To identify the risk factors for early reoperation after operative fixation of acetabular fractures.

Design:

Retrospective evaluation.

Setting:

Level I Trauma Center.

Patients:

Seven hundred ninety-one patients with displaced acetabular fractures treated with open reduction and internal fixation (ORIF) from 2006 to 2015. Average follow-up was 52 weeks.

Main Outcome Measures:

Early reoperation after acetabular ORIF, defined as secondary procedure for infection or revision within 3 years of initial operation.

Results:

Fifty-six (7%) patients underwent irrigation and debridement for infection and wound complications. Four associated risk factors identified were length of stay in the intensive care unit, pelvic embolization, operative time, and time delay between injury and surgical fixation.
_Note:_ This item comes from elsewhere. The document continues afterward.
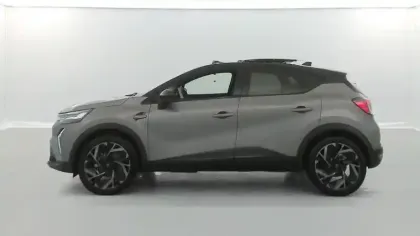 Photo 17 Renault Captur  E-Tech full hybrid 145 ch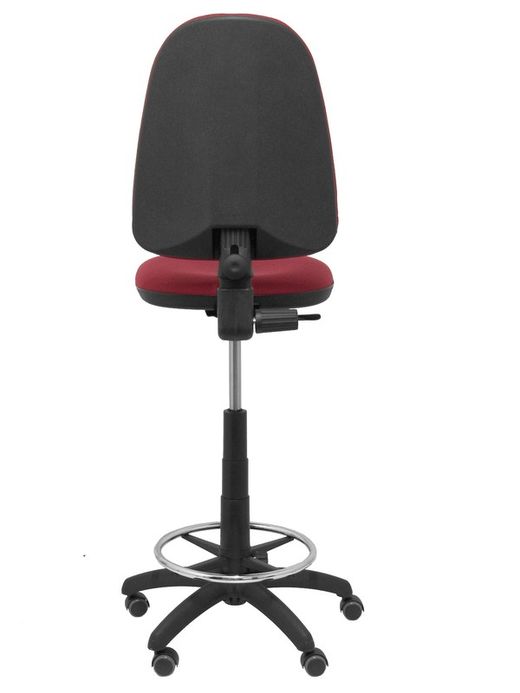 Modelo Ayna Taburete - Taburete ergonómico con mecanismo de contacto permanente, regulable en altura, aro reposapiés y ruedas de parqué - Asiento y respaldo tapizados en tejido BALI color granate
Sixty-two (8%) patients underwent early revision, including 45 conversions to total hip arthroplasty, 10 revision ORIF, 6 fixation device removals because of concern for joint penetration (2 acutely and 4 > 6 months after surgery), and 1 stabilization procedure. Three risk factors associated with early revision were hip dislocation, articular comminution, and concomitant femoral head or neck injury. Combined injuries to the pelvic ring and acetabulum, fracture pattern, marginal impaction, and body mass index had no significant effect on early revision surgery.

Conclusions:

Risk factors for early reoperation after operative fixation of acetabular fractures differed based on the reason for return to the operating room. Infection was more likely to occur in patients who had prolonged stays in the intensive care unit, had prolonged operative times, were embolized, or experienced delay in time to fixation. Revision was more likely with hip dislocation, articular comminution, femoral head or neck fracture, and advancing age.

Level of Evidence:

Prognostic Level III. See Instructions for Authors for a complete description of levels of evidence.